YOUR INSTRUCTIONS: Word for word, write out the entries that follow, omitting all pictures.

DATA FOR THIS EXERCISE:
· · · · · · ·

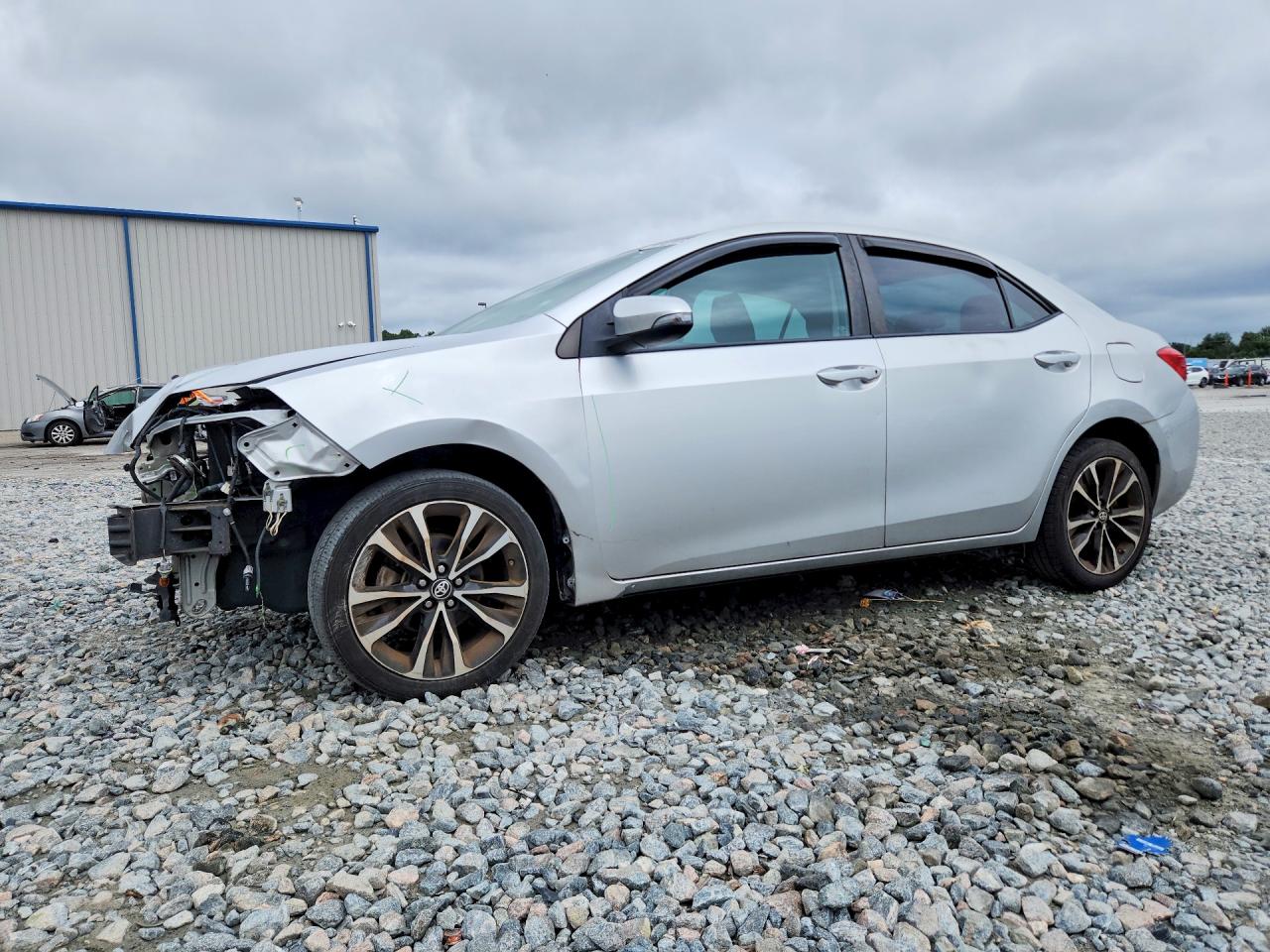 Photo of the 2017 TOYOTA COROLLA SE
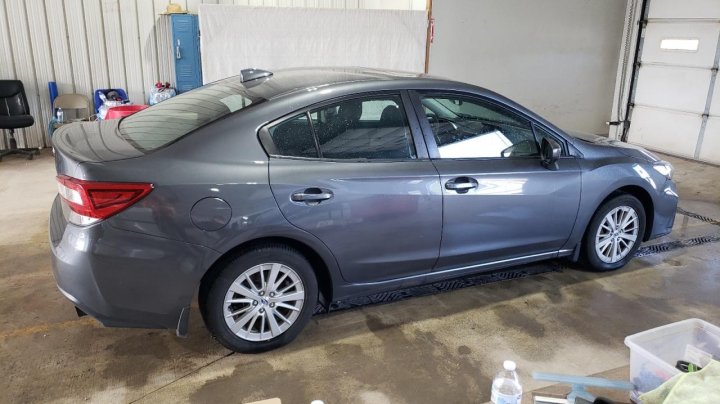 Subaru Impreza  2018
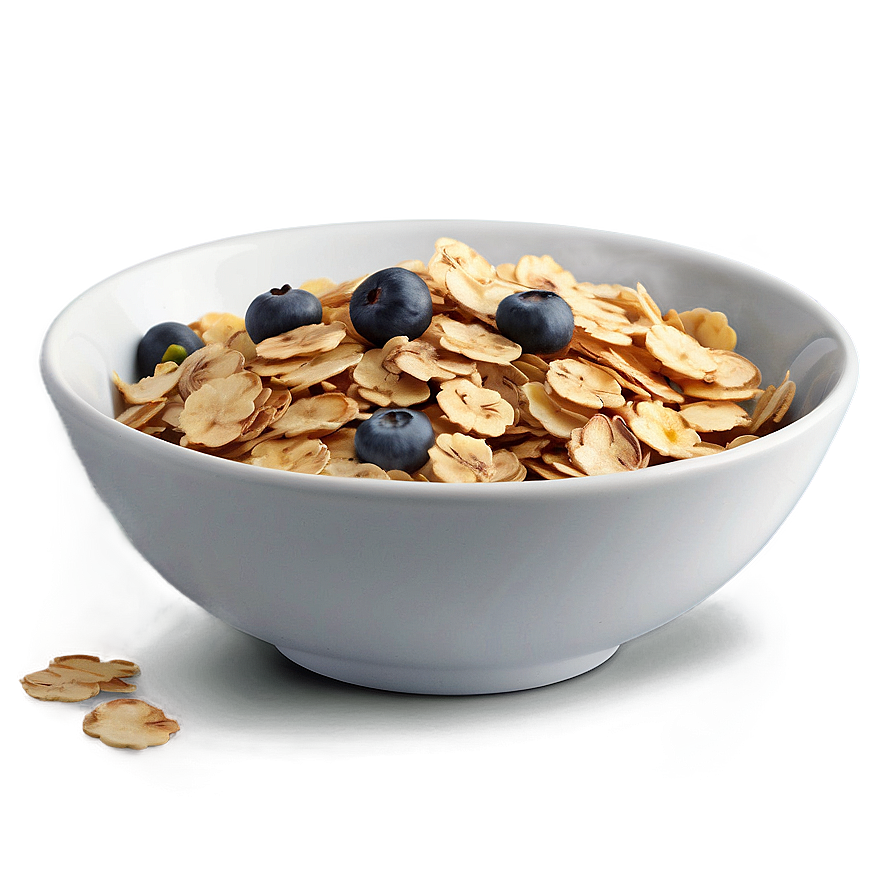 Oats Breakfast Bowl Png 74 PNG image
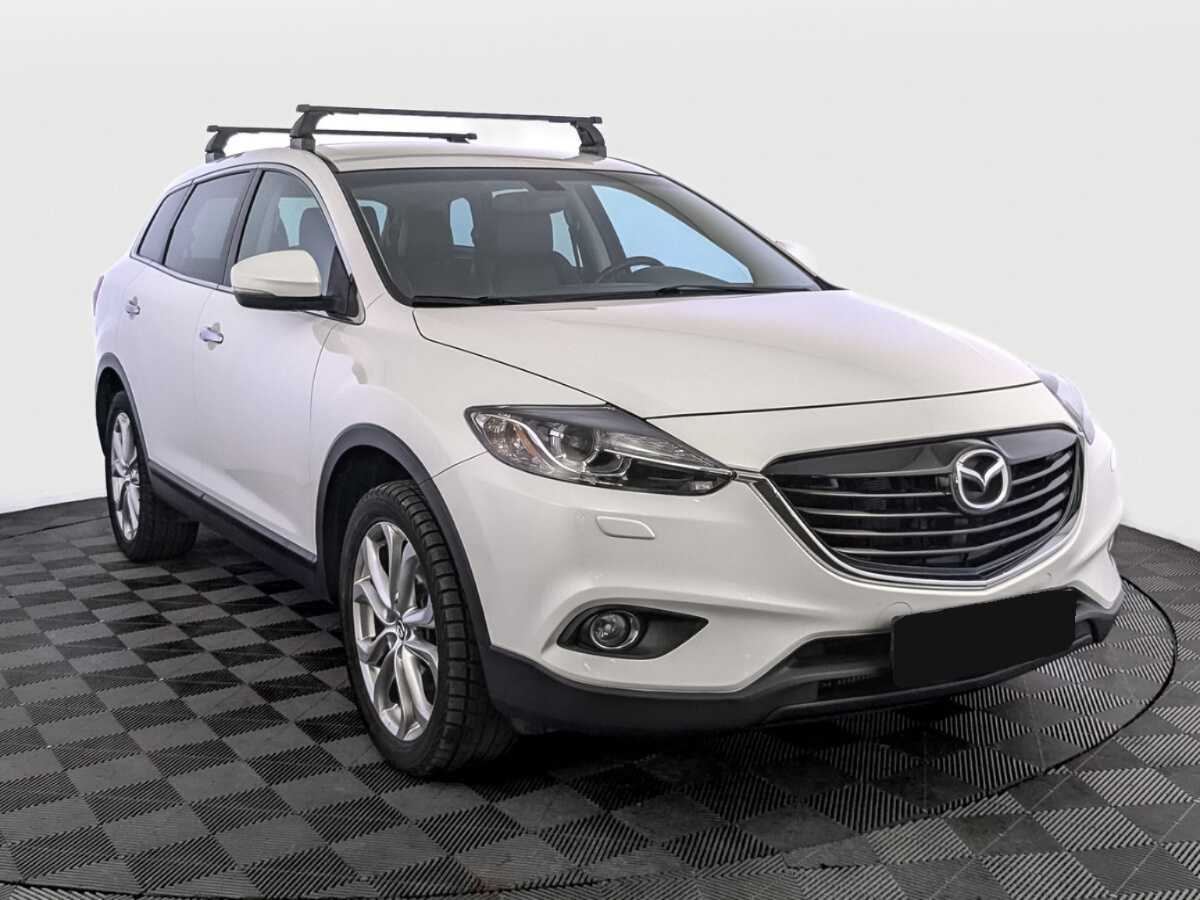 Mazda CX-9, 2012 - 79 390 км. | Фото №3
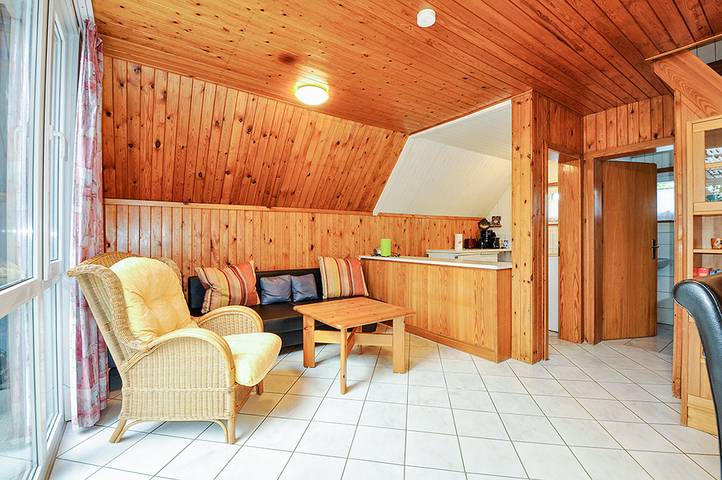 Ferienhaus für 4 Personen, mit Terrasse in Silz - 2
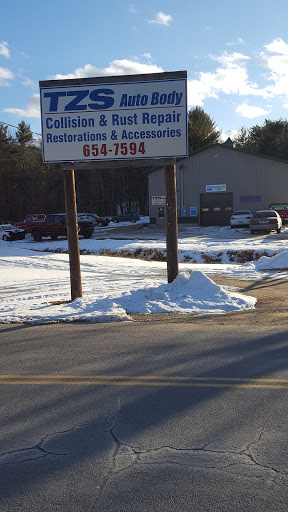 TZS Auto Body - Thumbnail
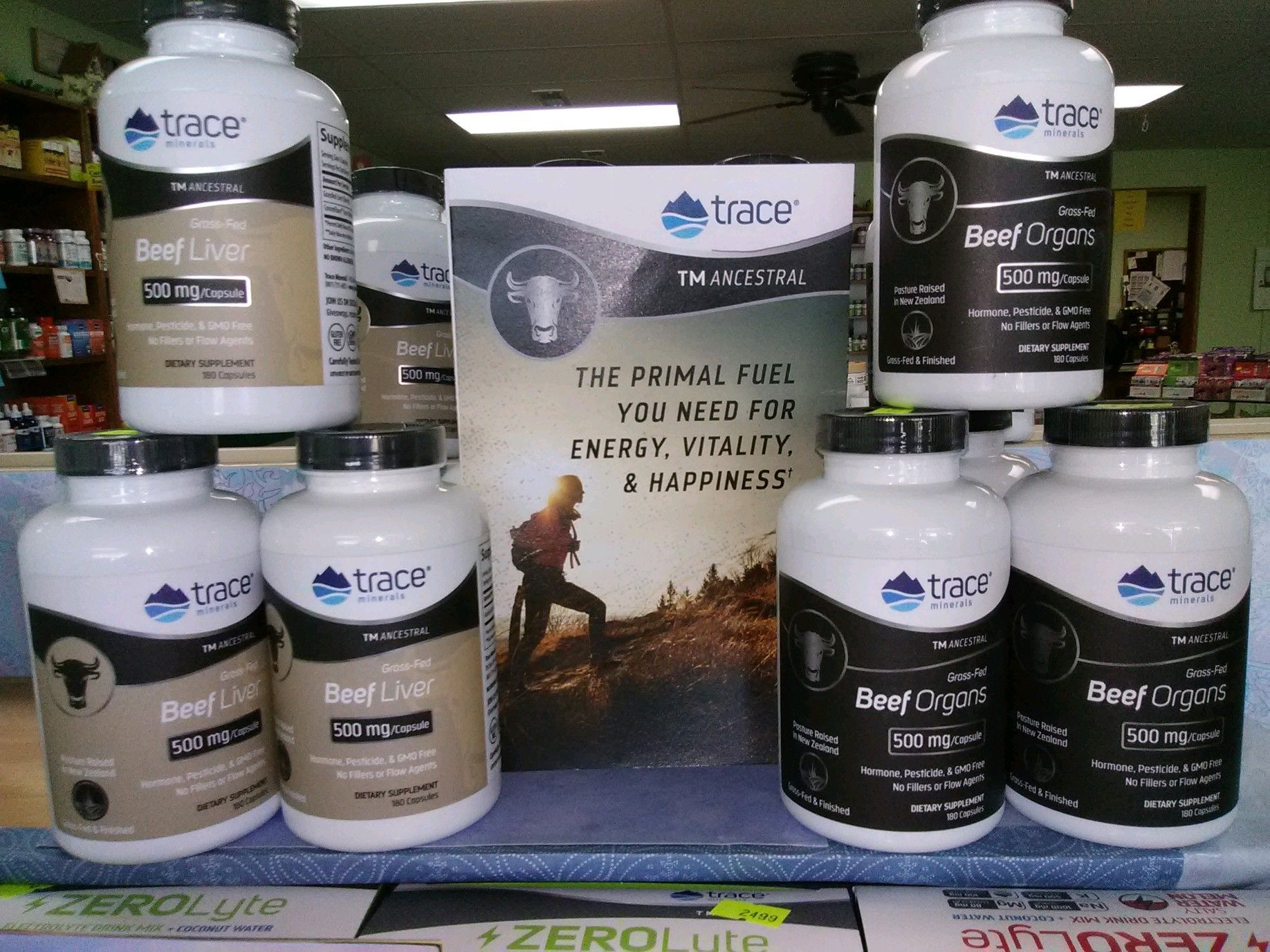 Supplement Two — Grand Island, NE — Natural Food Products Supplement Two — Grand Island, NE — Natural Food Products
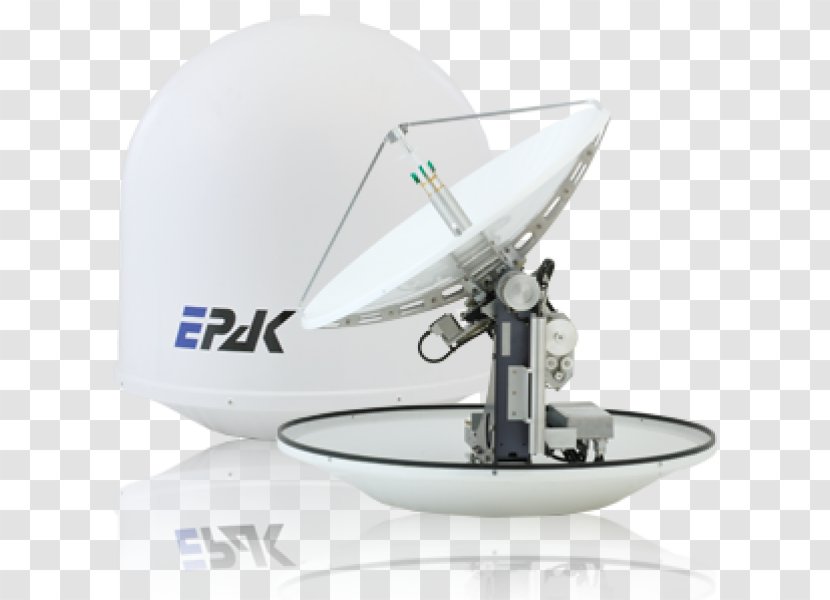 Aerials Satellite Internet Access Very-small-aperture Terminal Television - Maritime Vsat Transparent PNG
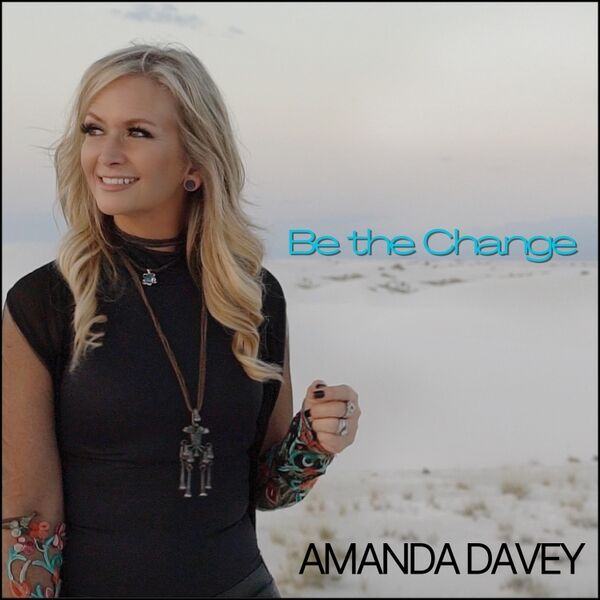 Cover art for Be the Change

· · · · · · ·

TASK RESULT:
 Photo of the 2017 TOYOTA COROLLA SE
 Subaru Impreza  2018
 Oats Breakfast Bowl Png 74 PNG image
 Mazda CX-9, 2012 - 79 390 км. | Фото №3
 Ferienhaus für 4 Personen, mit Terrasse in Silz - 2
 TZS Auto Body - Thumbnail
 Supplement Two — Grand Island, NE — Natural Food Products Supplement Two — Grand Island, NE — Natural Food Products
 Aerials Satellite Internet Access Very-small-aperture Terminal Television - Maritime Vsat Transparent PNG
 Cover art for Be the Change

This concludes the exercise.